Julia Louis-Dreyfus, Seinfeld.....The no-brainer to end all no-brainers on this list. Her only downside was that I had to remove 'Elaine' from my list of potential daughter names since JLD's performance has taken over that name for all time. I'll just have to go with the next name on my list, Chick From Alias.
Laurie Metcalf, Roseanne.....No-brainer. This is the last time I'll be mentioning Roseanne on the list, and it was actually somewhat close to making the 'best series' category. Its first three seasons were okay and its last three seasons were pretty poor, but the middle three years of its run were legitimately great. One of the highlights was the episode where Metcalf's character, Jackie, is comparing sexual history with her new boyfriend and suddenly realizes that she has him outpaced in sexual partners by a score of 60-4.

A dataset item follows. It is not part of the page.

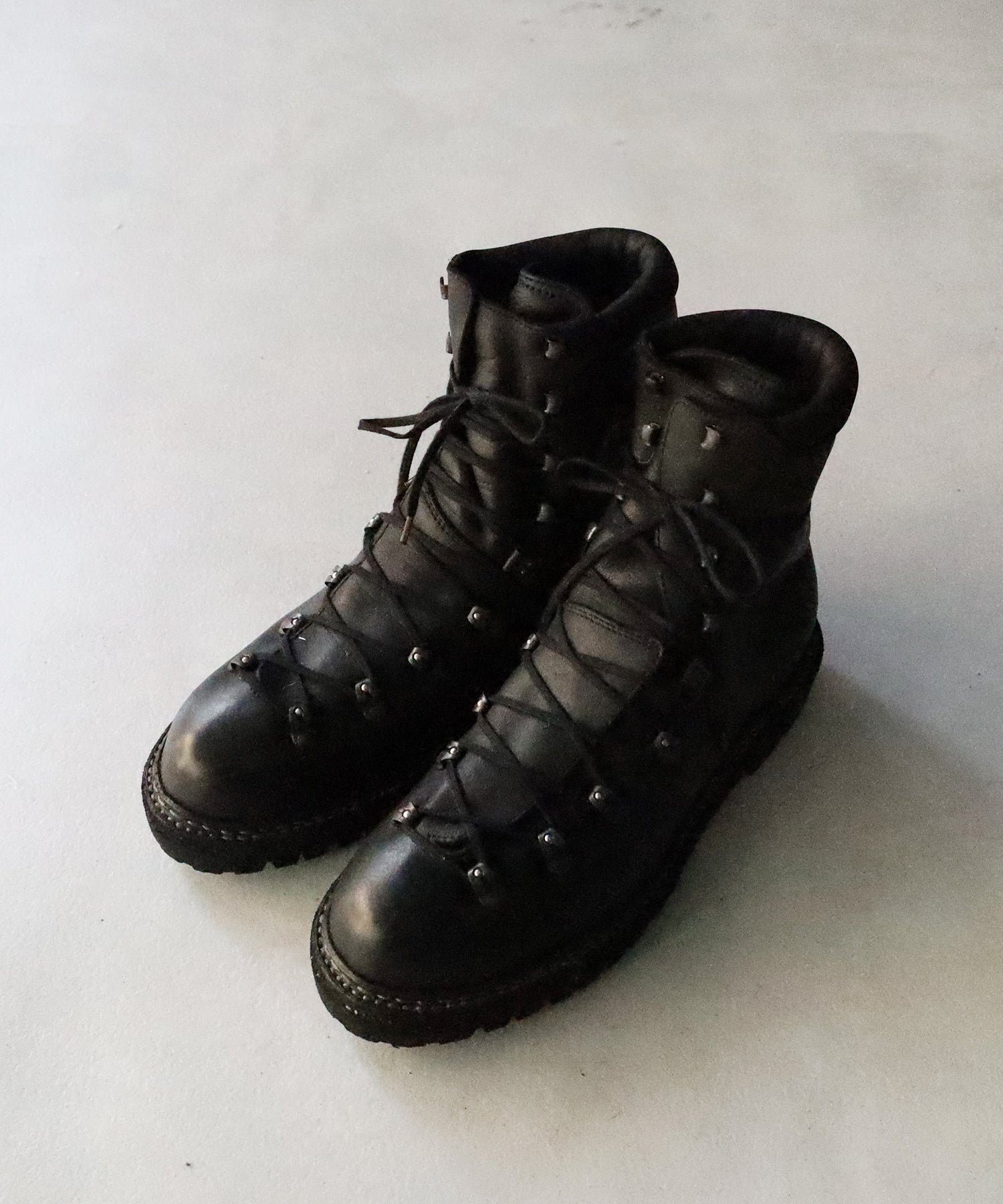 LAST1>> TREKKING BOOT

Bebe Neuwirth, Cheers.....Yet another no-brainer. Lillith Sternin never failed to crack me up. I would've loved to have see her become a full recurring character on 'Frasier,' but still, her guest appearances (the ep where she and Frasier try to get Frederick in prep school or the one where she and Niles sleep together) were gold. And she was a huge part of the last couple of seasons of Cheers. Essentially, what I'm saying is, Lillith was more than Fair....man, is that really the last joke of the post? That's terrible. Talk about leaving on a down note. If only I had a story about Trev's dad driving around London in search of a Bebe Neuwirth autobiography.